Ich bin's, Kitty. Aus dem Leben einer Katze by Mirjam Pressler

Ich bin's, Kitty. Aus dem Leben einer Katze by Mirjam Pressler

Autor:Mirjam Pressler
Die sprache: deu
Format: epub
Tags: Katzenwelt, Glück, Lebensweisheiten, Zuhause, Liebe
ISBN: 978-3-407-74928-4
Herausgeber: Beltz & Gelberg
veröffentlicht: 2018-07-14T16:00:00+00:00


20.

Sonnenschein und Mäusespeck

gibt dem Leben Sinn und Zweck.

von mir

Es war Sommer, ein warmer Sommer, und mein neues Leben, das einer Streunerin, war erst einmal gar nicht so schlecht, zumindest nicht bei gutem Wetter. Die meiste Zeit lief ich in den Gärten herum, mal mit Flecki, meiner Als-ob-älteren-Schwester, mal mit Bruno oder mit beiden, und fing Mäuse. Schließlich muss man ja von irgendetwas leben.

Als ich wieder einmal vor einem Mauseloch lauerte, fiel mir ein, dass Emma mich einmal, als ich vom Jagen nach Hause zurückkam, gefragt hatte, ob mir die armen Mäuse nicht leidtäten.
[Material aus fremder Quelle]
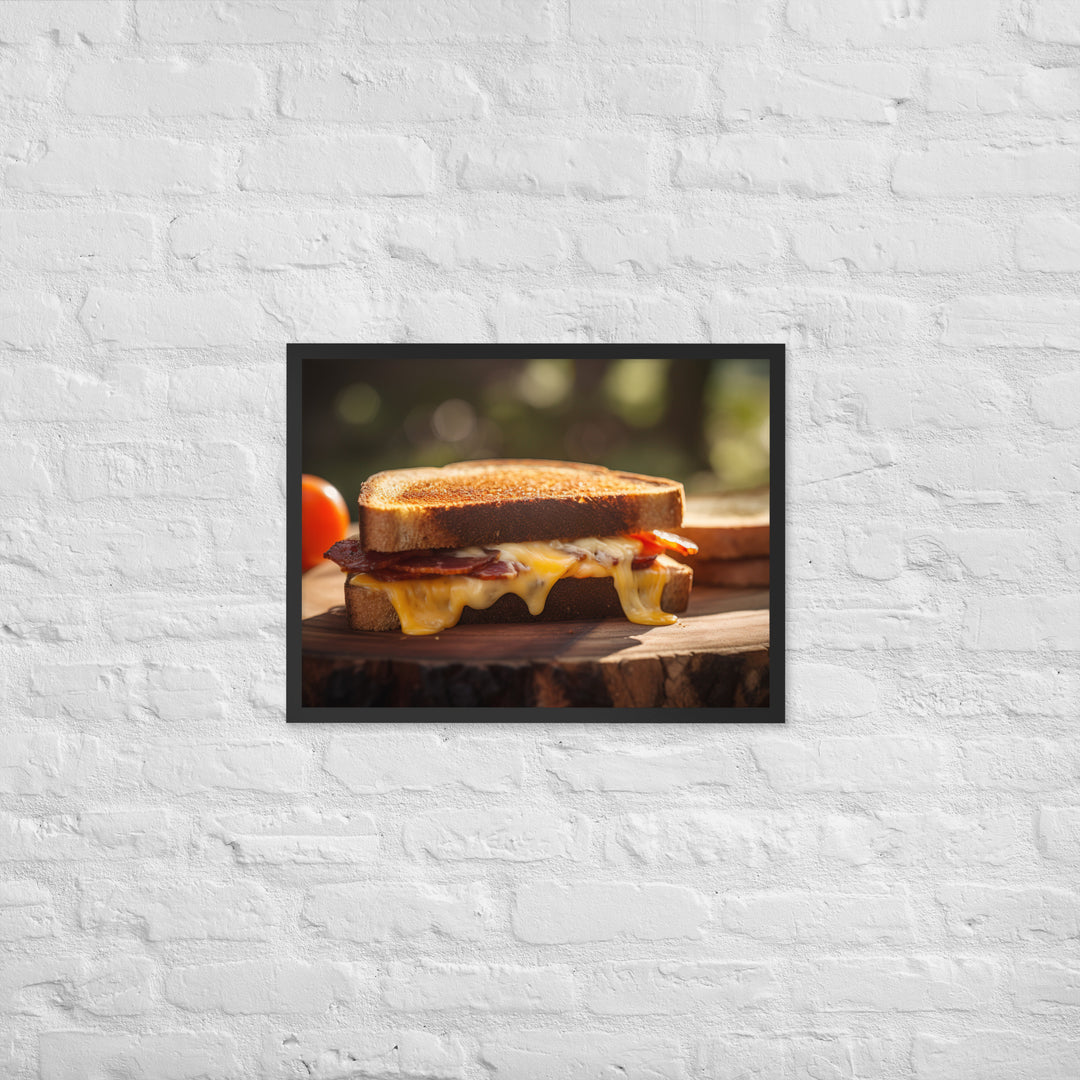 Sandwich made with sharp cheddar Framed poster 🤤 from Yumify.AI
Ich hatte mit einer Gegenfrage geantwortet. »Wieso denn das? Tun dir etwa die armen Kartoffeln leid, die du gerade schälst?«

»Das ist etwas ganz anderes«, sagte sie. »Kartoffeln sind Gemüse, also hirnlos.«

»Ach ja?«, sagte ich. »Und was ist mit deinen Grillhähnchen? Dem Räucherschinken? Dem Schnitzel und dem Kotelett? Hör zu, mir fällt gerade ein passender Reim ein: Der Katze schmecken Mäuse gut, so wie’s dem Mensch ein Schnitzel tut.«

Emma lachte. Dann zuckte sie mit den Schultern und sagte: »Du hast ja recht, reden wir nicht mehr darüber.«

Und ich dachte nun, vor dem Mauseloch, vielleicht sind Mäuse ja so hirnlos wie Gemüse. Ich hatte jedenfalls keine Ahnung, was sie taten, außer Körner zu fressen und sich andauernd zu vermehren, viel schneller und viel zahlreicher als Katzen. Katzen beschäftigen sich nicht nur mit Essen und Vermehrung, sondern auch mit anderen sinnvollen Tätigkeiten. Zum Beispiel mit Dösen und Denken. Mäuse wuchsen jedenfalls ständig nach, das war sicher. In der Nähe von Häusern gab es mehr Mäuse, als die paar Katzen brauchten, die da lebten, und zum Glück waren sie dumm genug, sich fangen zu lassen.

Die Nahrung ging mir also nicht aus. Wasser trank ich aus dem Teich im Park oder aus dem Goldfischteich im Garten der hellblauen Villa. In dieser Villa lebte auch eine Katze, ein langhaariger Perserkater, der aber nichts mit uns zu tun haben wollte. Er lag den ganzen Tag in einem Sessel auf der Terrasse, auf einem Seidenkissen, und wenn ich an ihm vorbeiging, hob er nur kurz die Lider und ließ sie gleich wieder sinken. Bestimmt lebte er nur von Rinderhack und Extras. Von mir aus, soll er doch! Ich war kein bisschen neidisch auf ihn und sein langweiliges Leben. Ich fauchte ihn nur kurz an und ging weiter.

Manchmal legte ich mich irgendwo in die Sonne und schlief und träumte von Emma. Ich träumte immer von Emma. Kaum machte ich die Augen zu, sah ich sie vor mir: Emma, die sich im Korbsessel auf der Terrasse räkelt. Emma, die meine Futterschüssel füllt. Emma, die ihre Einkäufe auspackt, Emma, die die oberste Kommodenschublade aufzieht und ein Extra für mich herausholt, Emma, die abends im Bett ihr Gläschen Portwein trinkt, bevor sie sich auf die Seite legt und mich zur guten Nacht streichelt. Diese Vorstellungen nahmen mich ganz gefangen, sodass ich die Welt um mich herum vergaß. Das war nicht ungefährlich, denn ab und zu kam ein Hund wütend auf mich zu. Aber diese Tölpel sind nicht besonders schlau. Sie hecheln so laut, dass jede normale Katze früh genug aufwacht, um sich in Sicherheit zu bringen.